There were three new faces in the Germany squad in the September friendly win over Peru.
Nico Schulz started the game and scored the winner, while their were second-half cameos from fellow new boys Kai Havertz and Thilo Kehrer. bundesliga.com takes a closer look at what the trio bring to the Nationalmannschaft.
Position: Left wing-back/left midfielder
Prior international experience: Germany U21 (14 caps, 2 goals)
Spot the odd one out? Yes, Schulz is in his mid-20s — almost middle-aged for a footballer — but make no mistake, the Hoffenheim man was just as precocious as his fellow newboys.
Picked out of the crowd by a host of European heavyweights as a youngster at Hertha Berlin, Schulz's progress was significantly slowed by a cruciate ligament injury that laid waste to his 2015/16 season. That came just after what should have been a career-accelerating transfer to Borussia Mönchengladbach and the last of his 14 Under-21 caps, delaying what seemed an inevitable step up into the senior side until now.
Either a left-back who likes to get forward — as he has started this season — or as he played for much of last season a left-midfielder who knows how to defend, Schulz gives Löw reliability and security down what has been a problematic flank, notably as a replacement for Jonas Hector, who was the only left-back-by-trade in the squad until he was forced to withdraw through injury.

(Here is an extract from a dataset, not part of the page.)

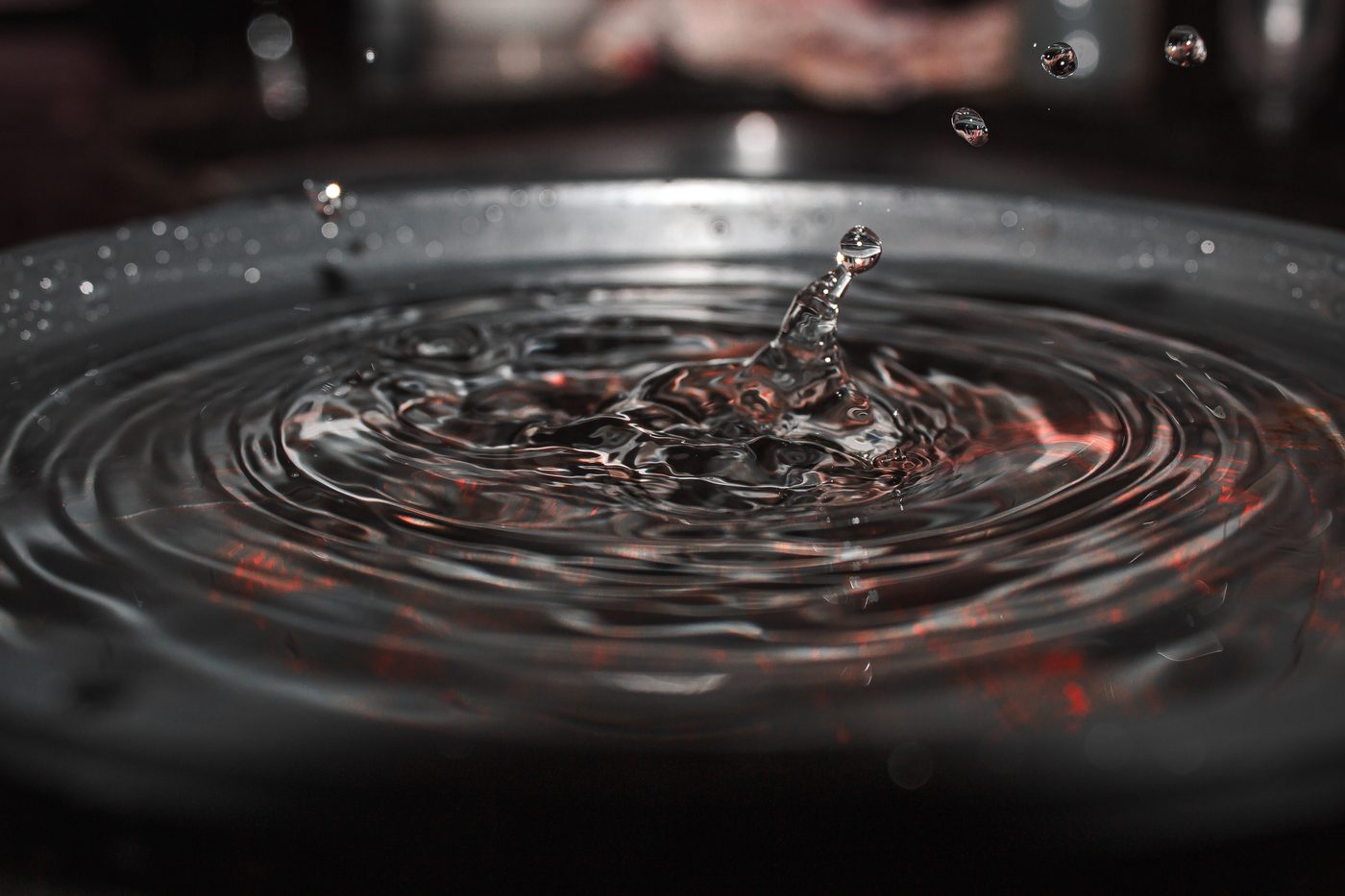 Drips falling into a bucket of water in low light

"I didn't want to pile so much responsibility on him that he would be taking the whole family to England," Schulz's mother, Birgit, said after her 15-year-old son had rejected an offer from Liverpool. No need to worry now Mrs. Schulz: your son is ready to carry the weight of expectation of his country.
Position: Attacking midfielder
Prior international experience: Germany U19 (8 caps, 7 goals)
Scan down the list of the Germany squad that won the Under-21 EURO in Poland just over a year ago. What? Didn't find Kai Havertz's name there? Look again…and you still won't. Why? Because he wasn't in that squad. In fact, the youngster, who only turned 19 in June, has never represented his country at a higher level than his current age. Still, with more than 50 Bundesliga games already under his belt and after being named the country's best U19 player, it is no surprise Germany boss Joachim Löw has decided Leverkusen's youngest-ever debutant is ready to jump the queue.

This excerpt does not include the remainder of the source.